I’m trying to isolate TVM inference discrepancies between Android (arm64 (not working)) and Ubuntu (x86_64 (working)) platforms using a modified version of the from_mxnet.py resnet 18 + cat example with a Vulkan back end. I’d like to dump output for each layer to see where things diverge. After calling run()
with valid input, What is the best way to dump output for all layers from the C++ SDK to support this analysis (not just the final layer)?
As discussed here, we can create a debug runtime with tvm.graph_runtime_debug.create
and we can use the get_output_by_layer
packaged function (or debug_get_output
) call for this.
[EDIT: gist translated to a complete github repo here]
Using the C++ debug_get_output
packaged function calls require the output DLTensor
argument to be pre-allocated with the correct parameters, like this:
TVMArrayAlloc(shape.data(), shape.size(), dtype_code, dtype_bits, dtype_lanes, device_type, device_id, &layer_output2);
These properties are current parsed while loading the JSON file, but they are private member variables of TVM’s C++ GraphRuntime
class, so I ended copy-and-pasting the JSON parsing code from GraphRuntime
into the C++ example in order to expose those types to support the required allocations. I didn’t see any other way to do this in TVM, but I might be missing something.

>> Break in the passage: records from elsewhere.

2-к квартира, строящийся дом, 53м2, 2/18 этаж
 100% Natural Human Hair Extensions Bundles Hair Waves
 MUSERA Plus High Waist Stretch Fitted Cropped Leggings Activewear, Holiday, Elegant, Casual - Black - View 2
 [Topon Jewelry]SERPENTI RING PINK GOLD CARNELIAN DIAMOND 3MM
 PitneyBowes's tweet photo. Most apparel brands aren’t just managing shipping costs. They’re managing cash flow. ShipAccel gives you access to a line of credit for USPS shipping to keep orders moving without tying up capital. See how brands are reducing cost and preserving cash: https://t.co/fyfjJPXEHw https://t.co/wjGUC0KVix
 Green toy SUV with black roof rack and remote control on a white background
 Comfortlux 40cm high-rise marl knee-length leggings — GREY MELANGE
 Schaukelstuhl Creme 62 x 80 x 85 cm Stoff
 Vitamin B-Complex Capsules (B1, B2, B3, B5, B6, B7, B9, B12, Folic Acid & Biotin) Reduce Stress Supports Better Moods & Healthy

After adding that, I noticed the get_output_by_layer
call, which does’t require pre-allocation of the DLTensor
output, that seems to return internal DLTensor
pointers by value, so the GraphRuntime
mod is not required in that case. I simply call run()
and then iterate over each layer to perform the logging. In that case we still need to know the # of layers to iterate over, which doesn’t seem to be exposed in the existing API.